1Kubator prend le parti des régions

La singularité du réseau d’incubateurs 1Kubator ? Ne pas être présent à Paris, mais dans d’autres villes françaises parmi lesquelles Lyon, Rennes ou encore Bordeaux. Une façon de permettre aux entrepreneurs français de bénéficier des nombreux atouts qu’il y a à créer son entreprise « chez soi » grâce à l’expertise d’écosystèmes locaux, comme l’explique son fondateur Alexandre Fourtoy à Let’s Go France.

En France, en 2017, 77% des montants investis dans les start-up l’ont été en Île de France. Le réseau d’entrepreneuriat français est-il trop centralisé ?

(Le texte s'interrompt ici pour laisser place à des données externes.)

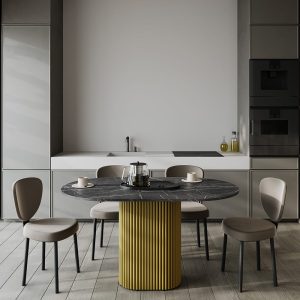 Обеденный стол TRUBIS Wood Oval 140 х 80 см, темный мрамор/золотой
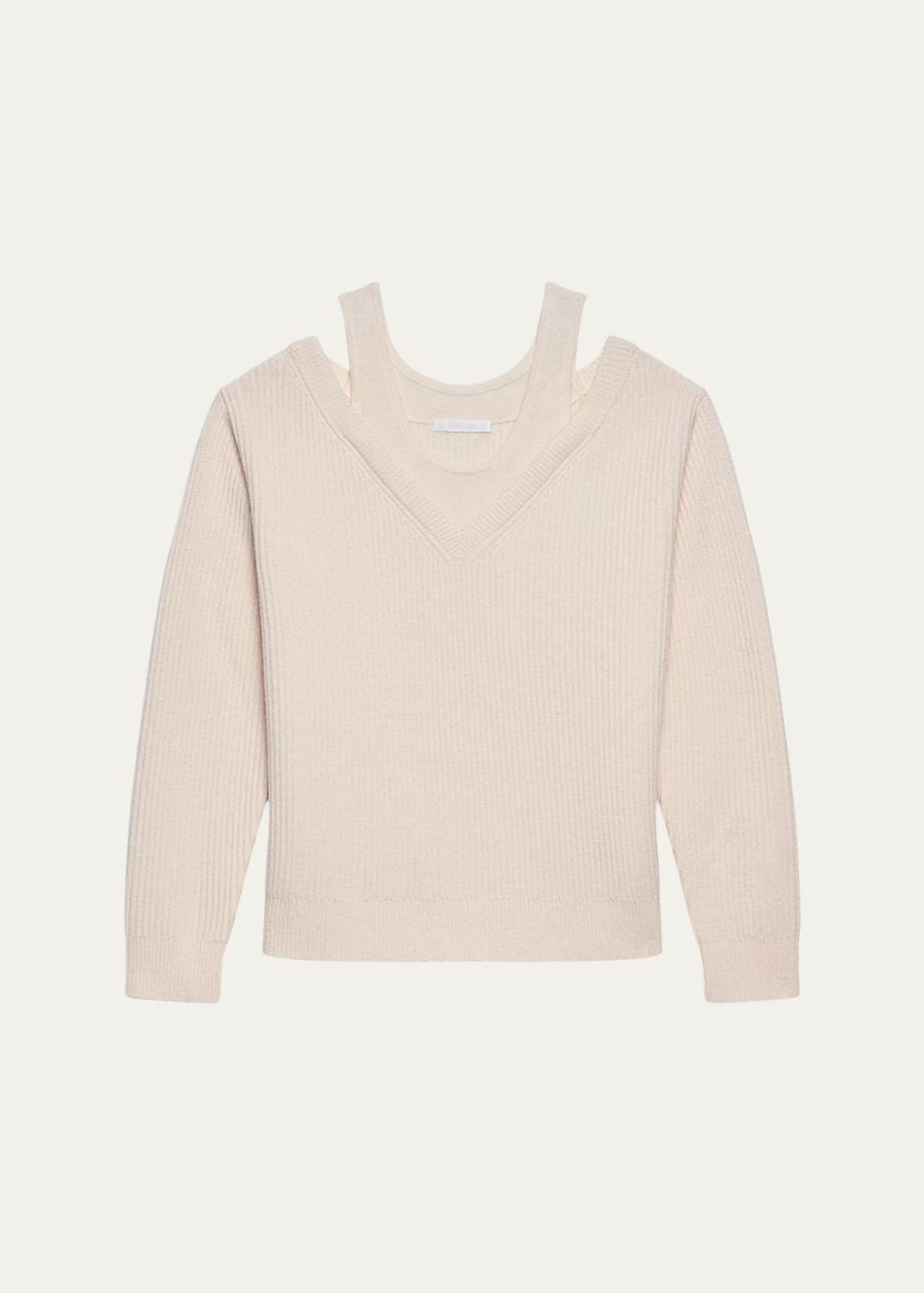 Cold-Shoulder Wool Top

A.F : Beaucoup de start-up veulent à terme venir à Paris, pourtant nous sentons qu’il se passe quelque chose en dehors de la capitale… ! En région, non seulement il y a un foisonnement et une créativité énormes, mais en plus les entreprises ont beaucoup plus de chances en démarrant dans leur écosystème d’origine : c’est à la fois une question de coûts et de réseaux plus accessibles, au sein de tissus économiques locaux bien construits. Les pépites qui sortent « localement » intéressent : être n°1 à Lyon ou Nantes, ce n’est pas rien le jour où on va à Paris ou vers l’international. Les écosystèmes régionaux ont encore beaucoup à apporter.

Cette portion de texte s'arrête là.